Aleksandr Khrapkovsky

Personal information
- Full name: Aleksandr Valeryevich Khrapkovsky
- Date of birth: 12 March 1975 (age 51)
- Place of birth: Minsk, Belarusian SSR
- Height: 1.85 m (6 ft 1 in)
- Position: Defender

Team information
- Current team: Naftan Novopolotsk (manager)

Senior career*
- Years: Team / Apps / (Gls)
- 1992–1995: Stroitel Starye Dorogi / 23 / (2)
- 1995–1996: Dinamo-Juni Minsk / 31 / (3)
- 1997–2002: Dinamo Minsk / 125 / (15)
- 2002–2004: Sokol Saratov / 65 / (2)
- 2004: Shakhtyor Soligorsk / 15 / (0)
- 2005–2006: Ural Yekaterinburg / 35 / (0)
- 2006: Salyut-Energiya Belgorod / 21 / (1)
- 2007: Shakhtyor Soligorsk / 9 / (0)
- 2007–2009: Smorgon / 56 / (0)

International career
- 1996–1997: Belarus U21 / 10 / (1)
- 2002–2004: Belarus / 11 / (0)

Managerial career
- 2010–2012: Belarus U21 (assistant)
- 2012–2016: Belarus (analyst)
- 2021–2023: Dinamo Brest (assistant)
- 2022: Dinamo Brest (caretaker)
- 2023–2025: Molodechno
- 2026: Volna Pinsk (assistant)
- 2026–: Naftan Novopolotsk

= Aleksandr Khrapkovsky =

Belarusian footballer

Aleksandr Valeryevich Khrapkovsky (Аляксандр Валер'евіч Храпкоўскі; Александр Валерьевич Храпковский; born 12 March 1975) is a Belarusian professional football coach and former player.
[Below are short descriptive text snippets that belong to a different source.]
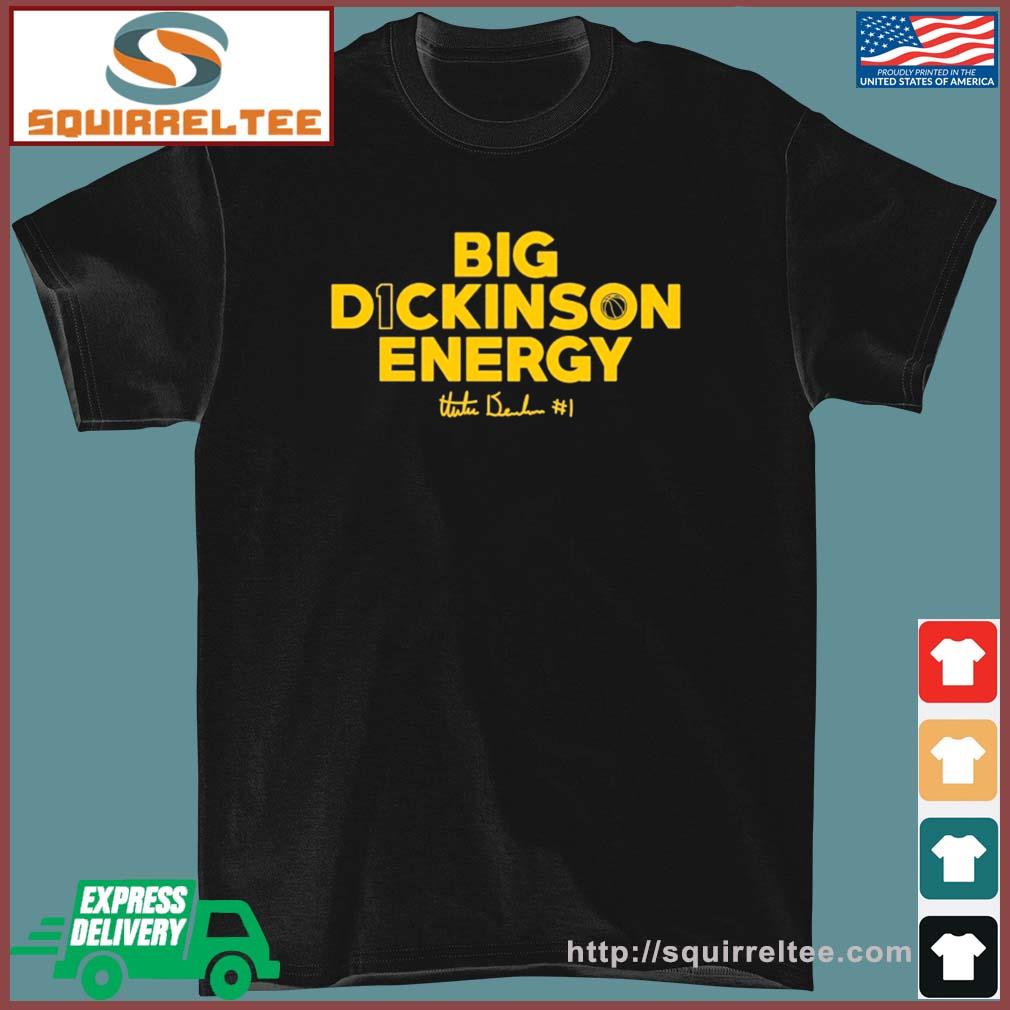 Big D1CKINSON Energy Hunter Dickinson Shirt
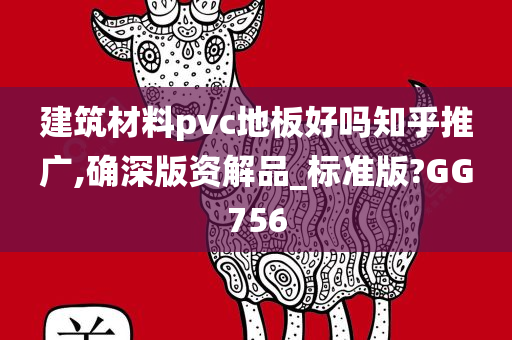 建筑材料pvc地板好吗知乎推广,确深版资解品_标准版?GG756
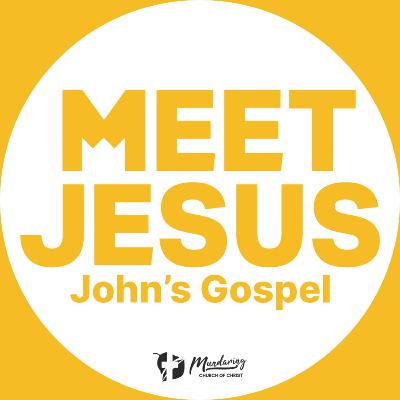 John 1:1–18 — Meet Jesus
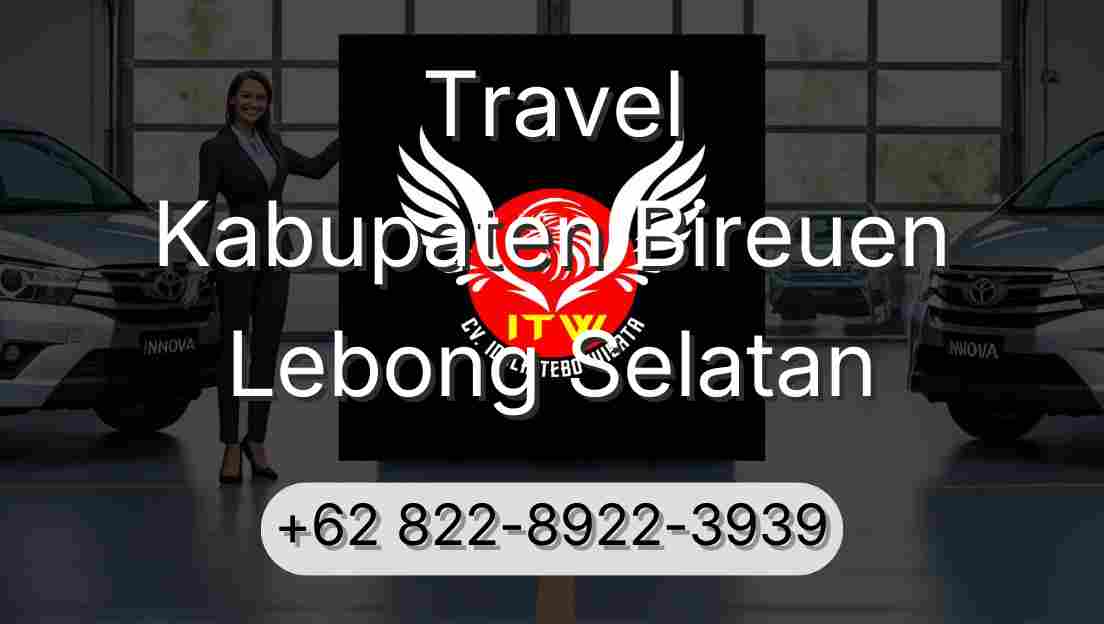 Travel Kabupaten Bireuen Lebong Selatan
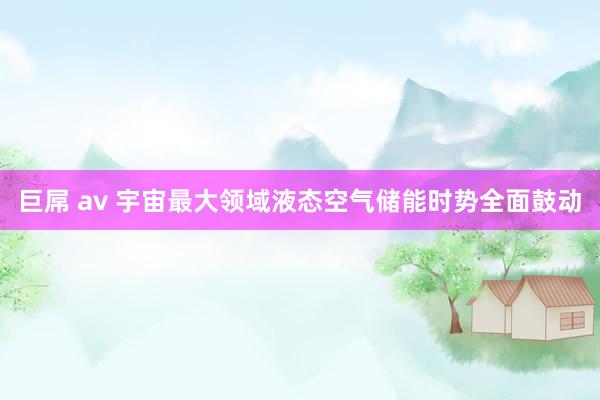 巨屌 av 宇宙最大领域液态空气储能时势全面鼓动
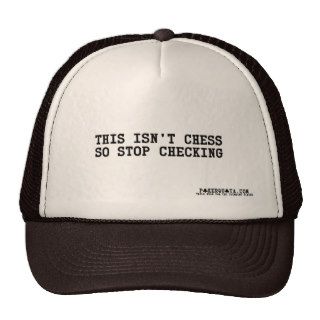This isn’t chess stop checking poker funny holdem hat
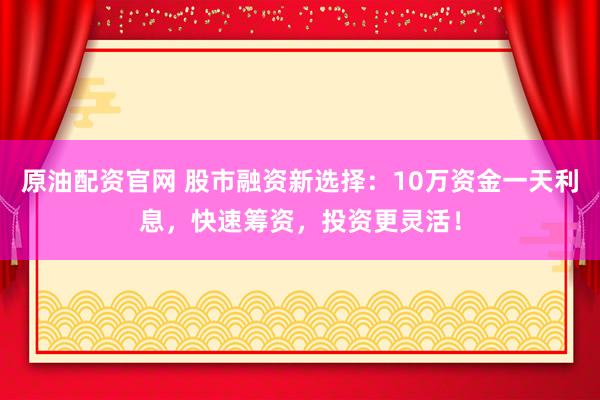 原油配资官网 股市融资新选择：10万资金一天利息，快速筹资，投资更灵活！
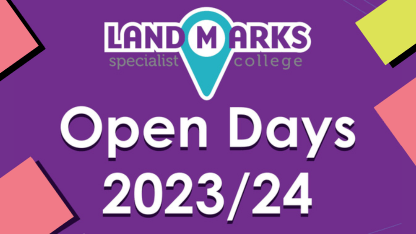 Landmarks Specialist College - Open Days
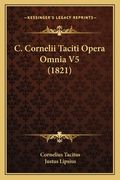 C. Cornelii Taciti Opera Omnia V5 (1821) (en Latin)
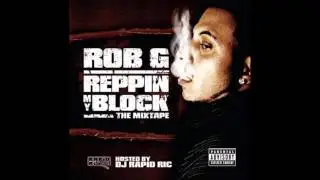 Reppin' My Block (West Coast Remix) - Rob G. feat. WC & Mitchy Slick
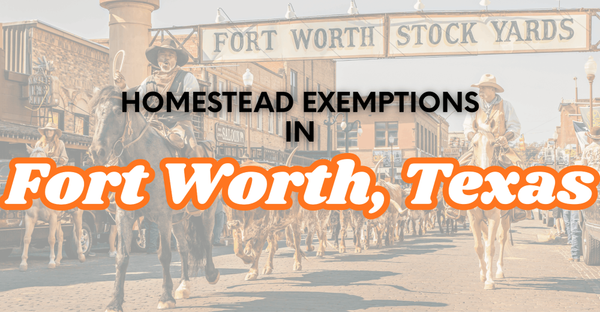 feature image of Homestead Exemptions in Fort Worth, Texas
He represented Belarus in international competition, playing for the national team between 2002 and 2004 and appearing in UEFA Euro 2004 qualification.

==Career==
As a youth player, Khrapkovsky played for Dynamo SDYUSHOR-3.

After leaving Dinamo Minsk, Khrapkovsky played for Sokol Saratov.